R/item.alpha.R
In misty: Miscellaneous Functions 'T. Yanagida'

Documented in item.alpha

#' Coefficient Alpha, Hierarchical Alpha, and Ordinal Alpha
#'
#' This function computes point estimate and confidence interval for the coefficient
#' alpha (aka Cronbach's alpha), hierarchical alpha, and ordinal alpha (aka categorical
#' alpha) along with standardized factor loadings and alpha if item deleted. By
#' default, the function computes coefficient alpha based on unweighted least
#' squares (ULS) parameter estimates using pairwise deletion in the presence of
#' missing data that provides equivalent results compared to the formula-based
#' coefficient alpha computed by using e.g. the \code{alpha} function in the
#' \pkg{psych} package by William Revelle (2025).
#'
#' Coefficient alpha is computed by conducting a confirmatory factor analysis based
#' on the essentially tau-equivalent measurement model (Graham, 2006) using the
#' \code{cfa()} function in the \pkg{lavaan} package by Yves Rosseel (2019).
#' Approximate confidence intervals are computed using the procedure by Feldt,
#' Woodruff and Salih (1987).
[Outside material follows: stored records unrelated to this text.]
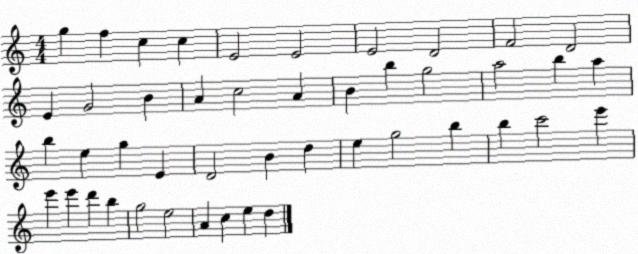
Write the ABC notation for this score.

X:1
T:Untitled
M:4/4
L:1/4
K:C
g f c c E2 E2 E2 D2 F2 D2 E G2 B A c2 A B b g2 a2 b a b e g E D2 B d e g2 b b c'2 e' e' e' d' b g2 e2 A c e d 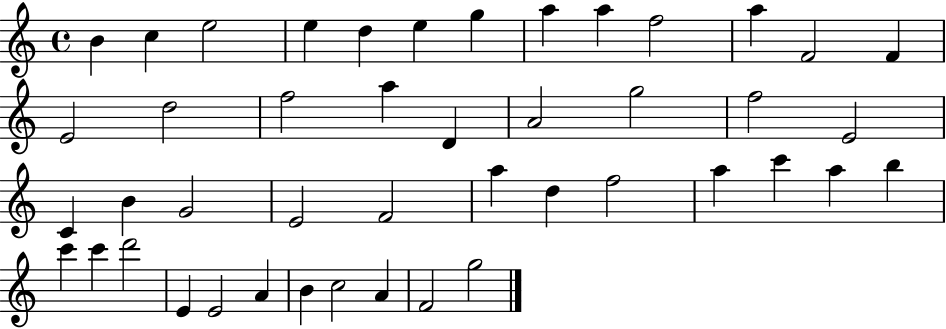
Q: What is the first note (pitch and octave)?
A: B4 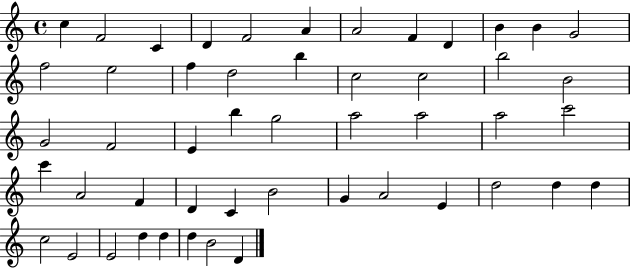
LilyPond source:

{
  \clef treble
  \time 4/4
  \defaultTimeSignature
  \key c \major
  c''4 f'2 c'4 | d'4 f'2 a'4 | a'2 f'4 d'4 | b'4 b'4 g'2 | \break f''2 e''2 | f''4 d''2 b''4 | c''2 c''2 | b''2 b'2 | \break g'2 f'2 | e'4 b''4 g''2 | a''2 a''2 | a''2 c'''2 | \break c'''4 a'2 f'4 | d'4 c'4 b'2 | g'4 a'2 e'4 | d''2 d''4 d''4 | \break c''2 e'2 | e'2 d''4 d''4 | d''4 b'2 d'4 | \bar "|."
} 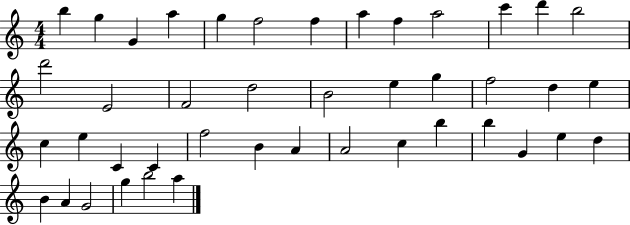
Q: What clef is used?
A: treble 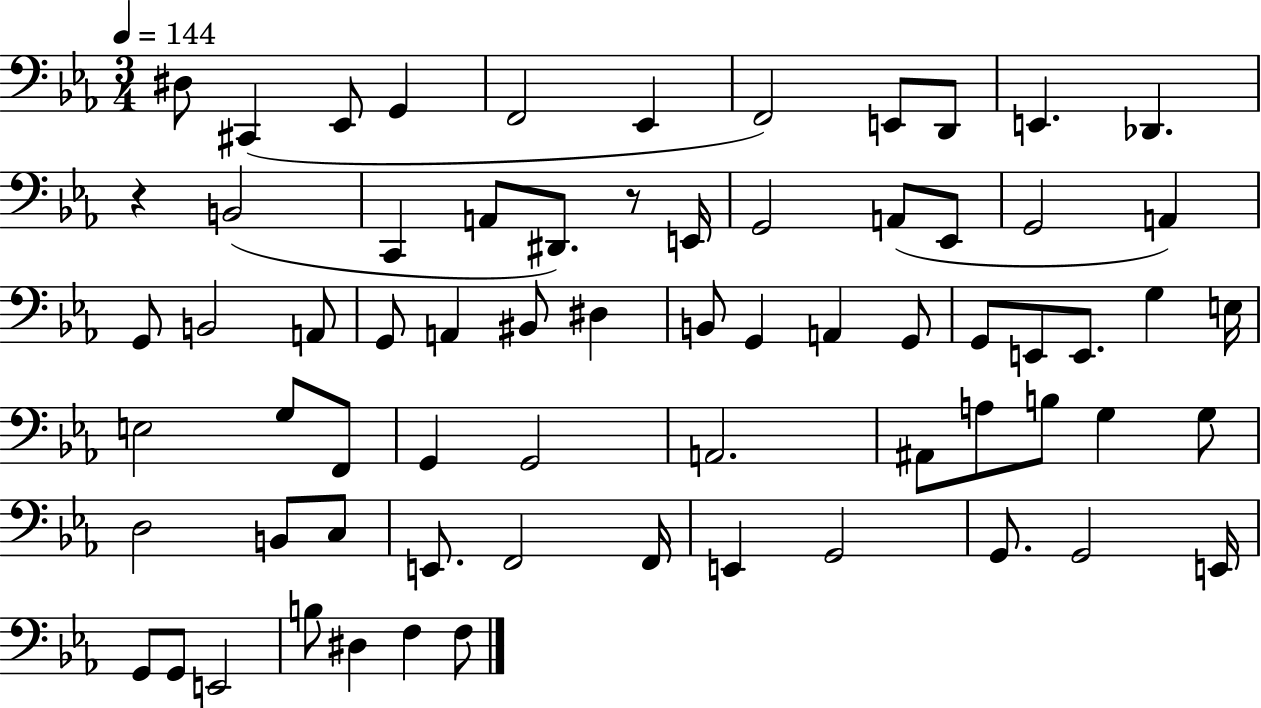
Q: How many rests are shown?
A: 2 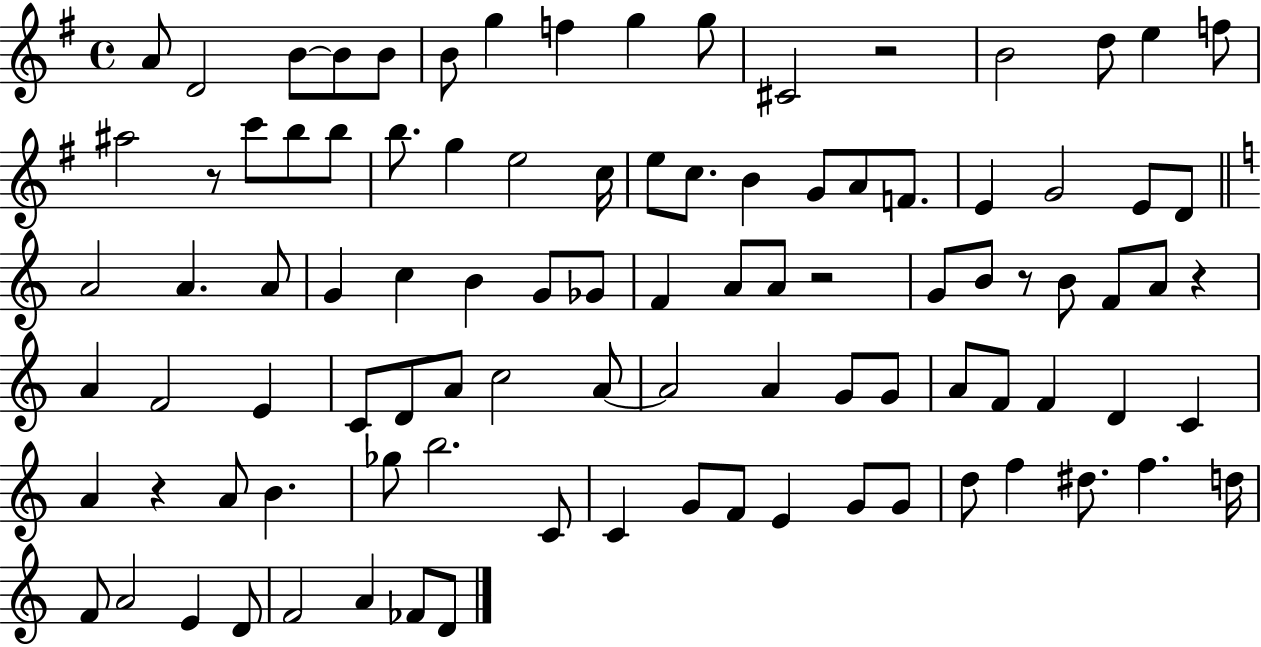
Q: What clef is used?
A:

Note that there are at least 10 other procedures
#' for computing the confidence interval (see Kelley and Pornprasertmanit, 2016),
#' which are implemented in the \code{ci.reliability()} function in the
#' \pkg{MBESSS} package by Ken Kelley (2019)
#'
#' Ordinal coefficient alpha was introduced by Zumbo, Gadermann and  Zeisser (2007).
#' Note that Chalmers (2018) highlighted that the categorical coefficient alpha
#' should be interpreted only as a hypothetical estimate of an alternative reliability,
#' whereby a test's ordinal categorical response options have be modified to include
#' an infinite number of ordinal response options and concludes that coefficient
#' alpha should not be reported as a measure of a test's reliability. However, Zumbo
#' and Kroc (2019) argued that Chalmers' critique of categorical coefficient alpha
#' is unfounded and that categorical coefficient alpha may be the most appropriate
#' quantifier of reliability when using Likert-type measurement to study a latent
#' continuous random variable.
#'
#' @param data       a data frame. Note that at least two items are needed for
#'                   computing coefficient alpha
#' @param ...        an expression indicating the variable names in \code{data}
#'                   e.g., \code{item.alpha(dat, x1, x2, x3)}. Note that the
#'                   operators \code{.}, \code{+}, \code{-}, \code{~}, \code{:},
#'                   \code{::}, and \code{!} can also be used to select variables,
#'                   see 'Details' in the \code{\link{df.subset}} function.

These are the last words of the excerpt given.